- Ongoing harvests of cold off-season grain and truck crops and the temporary suspension of grain procurements by the National Food Security Agency (ONASA) to rebuild the national food security reserve this past February are strengthening food availability and food access across the country. Good market supplies have caused prices on all major grain markets to inch downwards.
- Right now, rural households in structurally deficit areas (Kanem and West Batha), flood-stricken areas in the South (Mayo Kebbi and Moyen Chari), and Eastern conflict areas (southern and eastern Ouaddaï) are moderately to highly food insecure. Millet prices have come down slightly, but are still running anywhere from 30 to 50 percent above the nominal five-year average. High prices are still curtailing food access, but the current dip in prices is a good opportunity to replenish existing food reserves in preparation for the upcoming hunger season.

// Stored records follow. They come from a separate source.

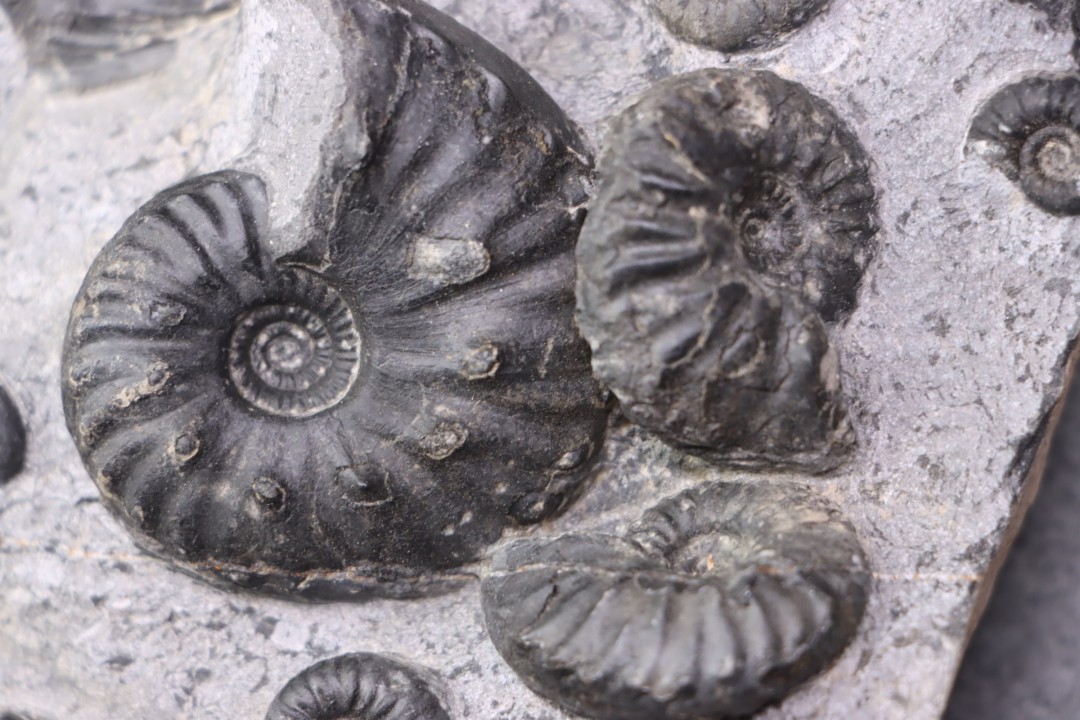 MULTI BLOC    Lower Triassic - Anisian  Fossil Hill Member  Prida Formation  Humboldt Range, Pershing County   NEVADA - USA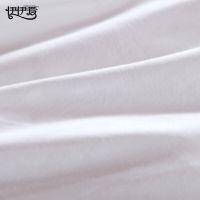 伊伊爱BZ0JD02201120 全棉 防羽布酒店公寓值班室被芯200*230cm(单位:床)白色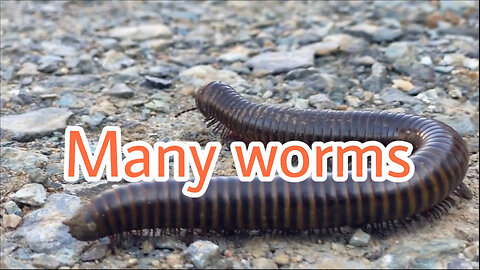 Many worms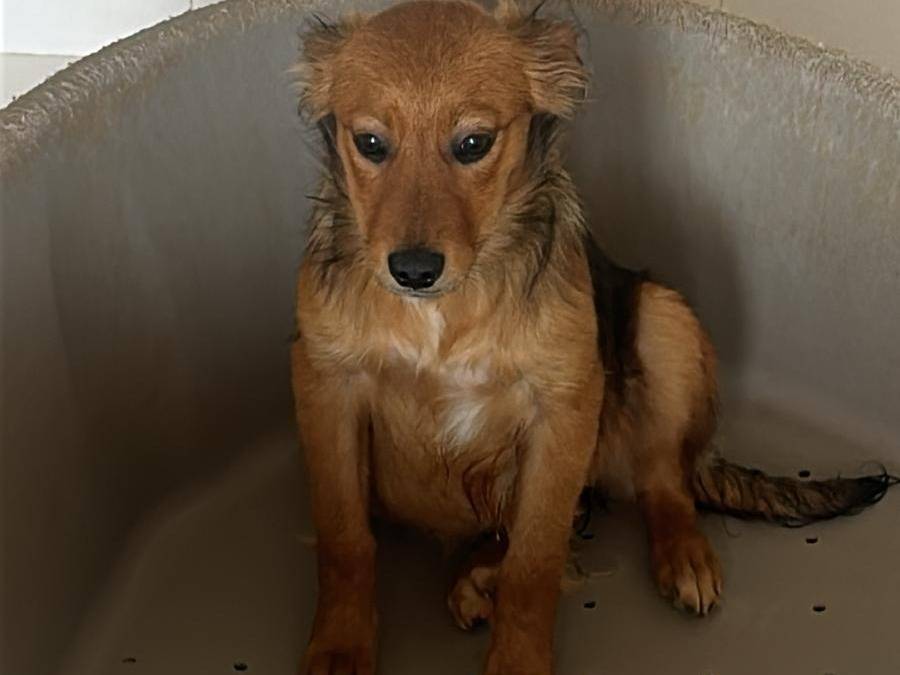 Adozione cane, femmina, Razza sconosciuta Razza sconosciuta, 4 mesi, taglia media contenuta, Latina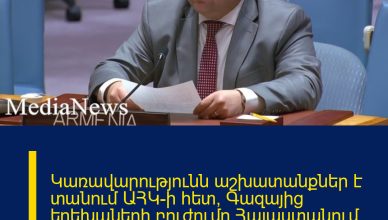 Կառավարությունն աշխատանքներ է տանում ԱՀԿ-ի հետ՝ Գազայից երեխաների բուժումը Հայաստանում կազմակերպելու նպատակով. Ժիրայր Անանյան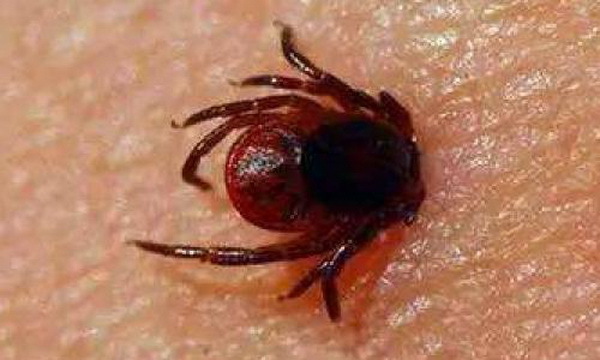 日本又出现了恙虫病除少数地区外全日本都有了患者__凤凰网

- Conditions in pastoral areas are steadily deteriorating due to the scarcity of watering holes, thus limiting grazing areas to pastures along the banks of rivers and streams. Access to sorely needed animal feed supplements at this time of year is limited by the high cost of nitrogenous byproducts. The deterioration in terms of trade for sheep/millet since December of last year continued into February of this year, forcing pastoralists to sell off large numbers of animals to purchase needed feed supplements for the current prehunger season.